RANGE IN CHARACTERISTICS: The mean annual soil temperature at a depth of 20 inches is 49 to 55 degrees F. These soils are usually moist, but are dry in all parts between depths of 8 and 24 inches for 90 to 105 days. Depth to secondary carbonates ranges from 20 to 44 inches. The mollic epipedon is 10 to 18 inches thick. The upper part of the particle- size control section is silt loam or very fine sandy loam grading to sandy loam or fine sandy loam in the lower part, and contains less than 5 percent coarse fragments. Depth to the 3C horizon is more than 40 inches.
The A horizon has value of 4 or 5 dry, 2 or 3 moist, and chroma of 2 or 3 when dry. Texture is silt loam, loam, or very fine sandy loam. It has weak structure or is massive. Soil reaction is neutral or slightly alkaline.
The Bw horizon has value of 4 or 5 dry, 3 or 4 moist and chroma of 2 or 3 dry or moist. Texture is silt loam, loam, very fine sandy loam, or sandy loam. It has weak prismatic or blocky structure. Soil reaction is neutral to moderately alkaline.
The 2Bw & 2Bk horizons have value of 4 through 7 dry, 3 through 5 moist, and chroma of 2 or 3 dry or moist. Texture is fine sandy loam, sandy loam, loam, very fine sandy loam or coarse sandy loam. They are massive or single grained. The lower part of these horizons have accumulation of secondary lime. Calcium carbonate equivalent is 1 to 12 percent. Soil reaction is moderately alkaline or strongly alkaline.
The 3C horizon, when present, is coarse sand, sand, loamy fine sand or fine sandy and contains lenses of fine gravel in some pedons.

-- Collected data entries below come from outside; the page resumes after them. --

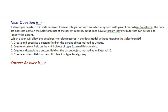Option A, create and populate a custom field on the parent object marked as unique. Option B, create a custom field on the child object of type External Relationship.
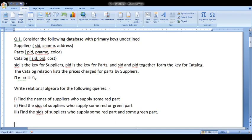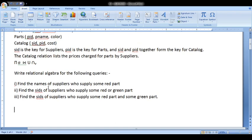First we will just read the question. Consider the following database with primary keys underlined. These are the table names given with their related attributes, and the keys are underlined. There are three tables in all: Suppliers, Parts, and Catalog.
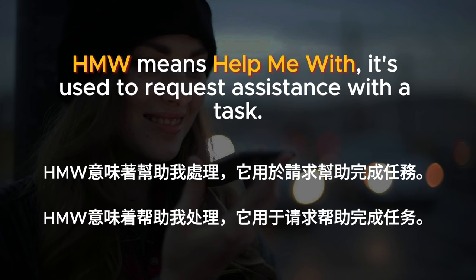HMW means help me with; it's used to request assistance with a task.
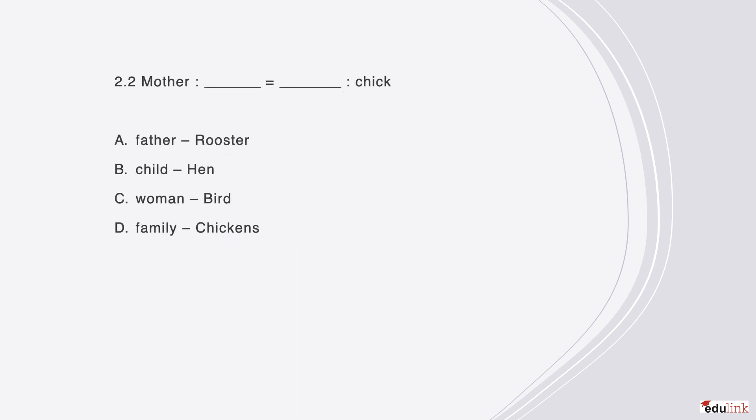Here is the second question of the same type. Mother is to blank as blank is to chick. The correct answer is B, a mother gives birth to a child as a hen gives birth to a chick.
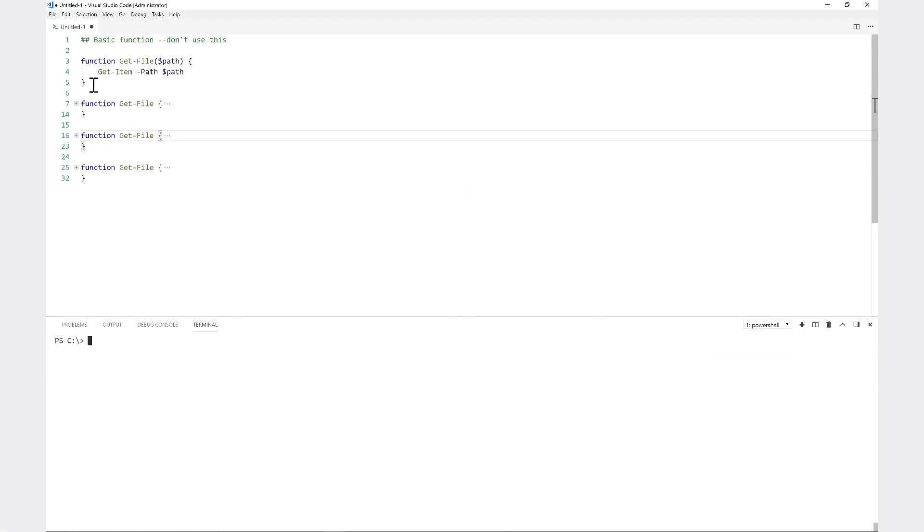In this step I'd like to show you how function parameters work in PowerShell. We'll go from the simplest to the most advanced parameters in PowerShell, starting with the simplest first.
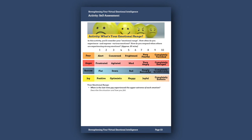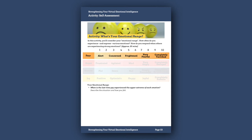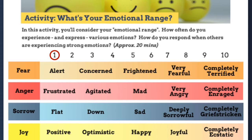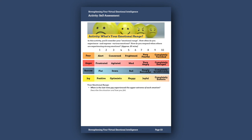So let's start by considering your emotional range. How often do you experience and express various emotions? And how do you respond when others are experiencing strong emotions? On page three in the workbook, there's a model of emotional range across four basic emotions: fear, anger, sorrow, and joy — on a scale of one, a low level of that emotion, to ten, an extreme level. When's the last time you experienced each of these emotions on the high end of the scale? What was that like? Did you communicate your emotion to anyone else or did you keep it to yourself?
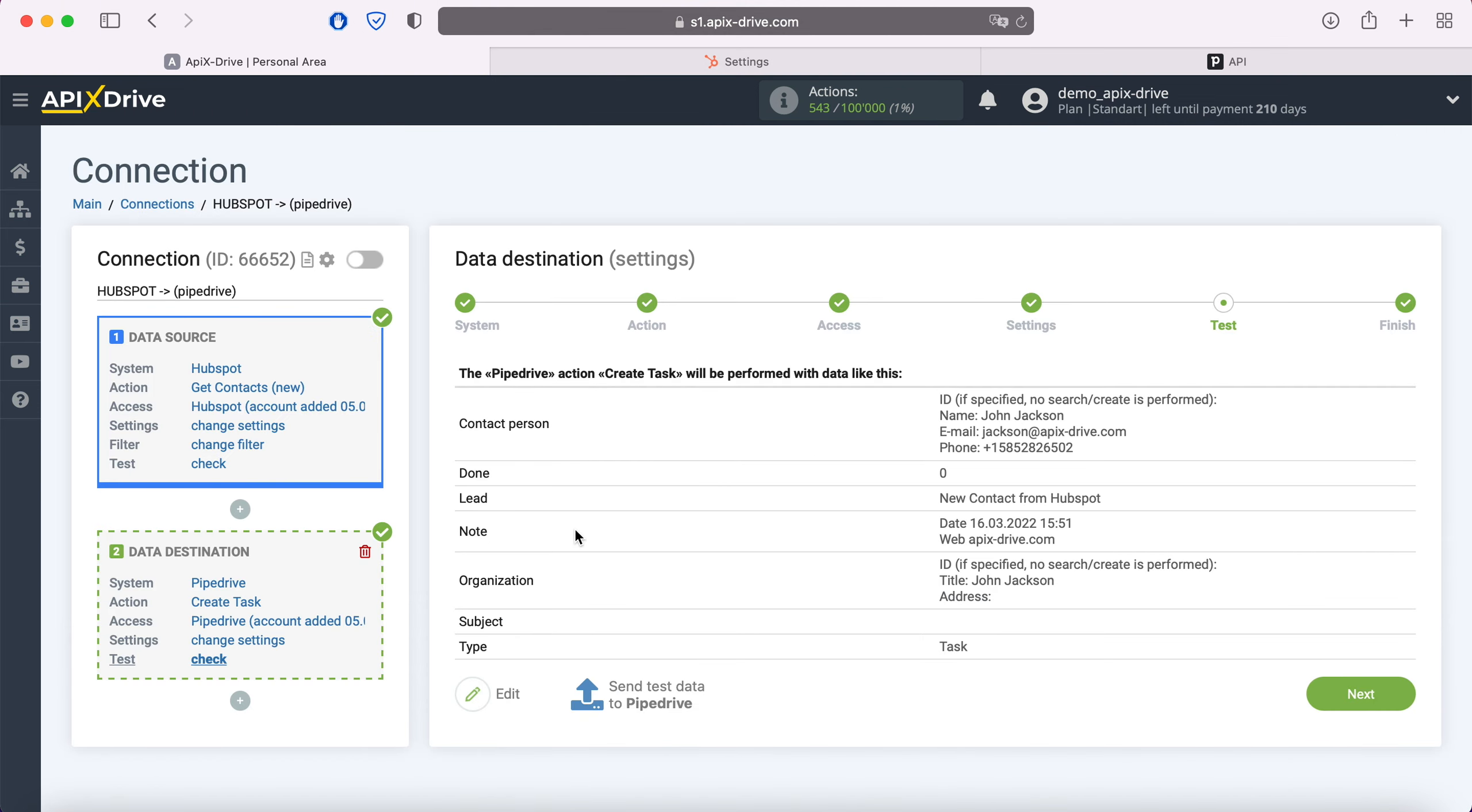At this point you see an example of the data that will be sent to Pipedrive as new tasks for each new contact from HubSpot. If something does not suit you, click edit and go back a step. In order to check the correctness of the settings, click send test data to Pipedrive.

COMPETING SERIES: These are the Asotin, Bolicker, Disautel, Dufur, and Kidman, series. Asotin soils have a lithic contact at a depth of 20 to 40 inches. Bolicker soils have 5 to 35 percent rock fragments in the particle- size control section. Disautel soils have 20 to 50 percent rock fragments in the lower part of the particle-size control section. Dufur soils are 30 to 50 inches to secondary lime and are medium textured throughout the particle-size control section. Kidman soils are are dry for 60 to 70 consecutive days and lack a discontinuity to sands.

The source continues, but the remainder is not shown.